This paper proposed a multi-objective guaranteed feasible connected and autonomous vehicle (CAV) platoon control method for signalized isolated intersections with priorities. Specifically, we prioritized the intersection throughput and traffic efficiency under a pre-defined signal cycle, based on which we minimized fuel consumption and emissions for CAV platoons. Longitudinal safety was also considered as a necessary condition. To handle the aforementioned targets, we firstly designed a vehicular sub-platoon splitting algorithm based on Farkas lemma to accommodate a maximum number of vehicles for each signal green time phase. Secondly, the CAV optimal trajectories control algorithm was designed as a centralized cooperative model predictive control (MPC).
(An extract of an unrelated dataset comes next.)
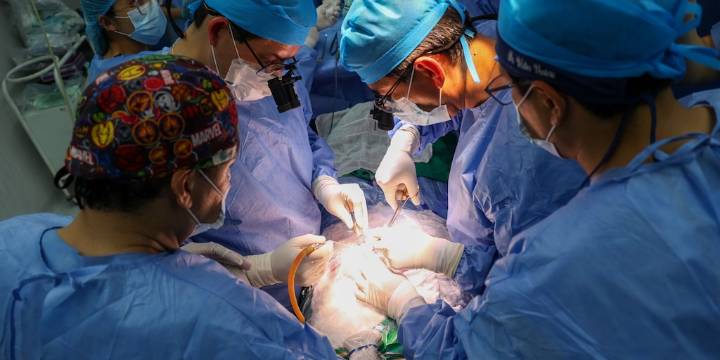 Hospital Eduardo Rebagliati: médicos operan a un bebé dentro del útero y la gestación continúa con éxito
Moreover, the optimal control problem was formulated as discrete linear quadratic control problems with constraints with receding predictive horizons, which can be efficiently solved by quadratic programming after reformulation. For rigor, the proofs of the recursive feasibility and asymptotic stability of our proposed predictive control model were provided. For evaluation, the performance of the control algorithm was compared against a non-cooperative distributed CAV control through simulation. It was found that the proposed method can significantly enhance both traffic efficiency and energy efficiency with ensured safety for CAV platoons at urban signalized intersections.

Suggested Citation

  • Chen Wang & Yulu Dai & Jingxin Xia, 2020. "A CAV Platoon Control Method for Isolated Intersections: Guaranteed Feasible Multi-Objective Approach with Priority," Energies, MDPI, vol. 13(3), pages 1-16, February.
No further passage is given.